Walter Feltham

Personal information
- Full name: Walter George Feltham
- Born: 23 April 1864 Ringwood, Hampshire, England
- Died: 23 September 1904 (aged 40) Ringwood, Hampshire, England
- Batting: Left-handed
- Bowling: Left-arm fast

Domestic team information
- 1884: Hampshire

Career statistics
| Competition | First-class |
| Matches | 3 |
| Runs scored | 1 |
| Batting average | 0.25 |
| 100s/50s | –/– |
| Top score | 1 |
| Balls bowled | 541 |
| Wickets | 12 |
| Bowling average | 21.16 |
| 5 wickets in innings | – |
| 10 wickets in match | – |
| Best bowling | 4/54 |
| Catches/stumpings | 1/– |
- Source: Cricinfo, 18 January 2010

= Walter Feltham =

English cricketer (1864–1904)

Walter George Feltham (23 April 1864 – 23 September 1904) was an English first-class cricketer.
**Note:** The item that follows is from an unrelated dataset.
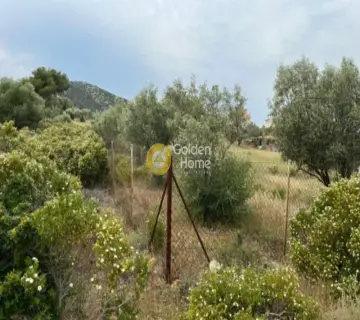Parcel 5607m<sup>2</sup> for sale photo 4322594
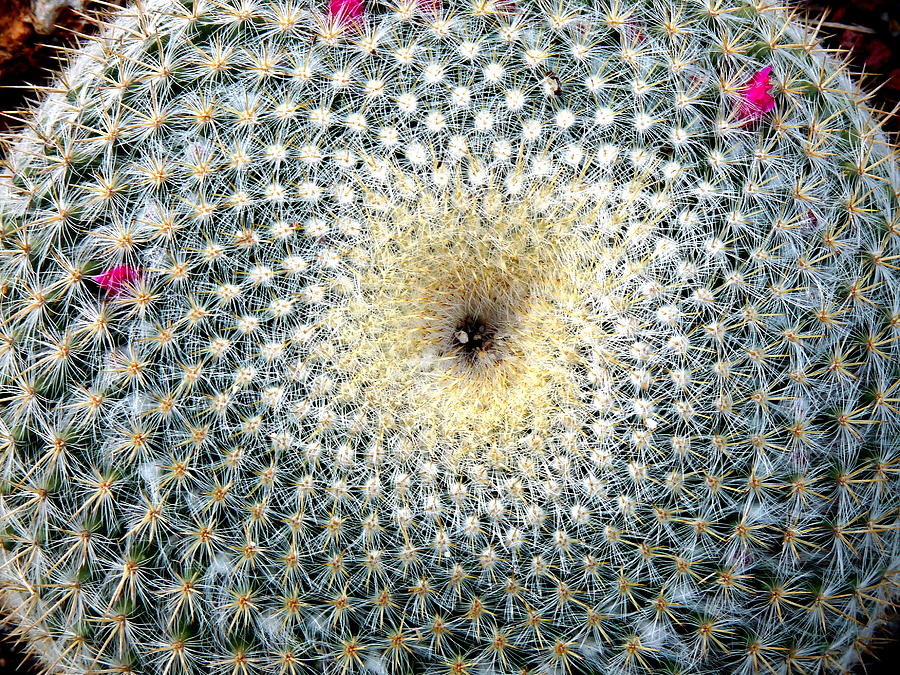 Old Lady Barrel Cactus in Bloom Photograph by Jeff Lowe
Feltham was born at in April 1864 at Ringwood, Hampshire. He made three appearances in first-class cricket for Hampshire in 1884 at Southampton, against Surrey, Sussex, and Somerset. Playing as a left-arm fast bowler, he took 12 wickets at an average of 9.37, with best figures of 4 for 54 against Somerset. Outside of cricket, Feltham was a grocer in Ringwood. In December 1887, he was charged with being drunk and disorderly and was fined. Feltham died at Ringwood in September 1904.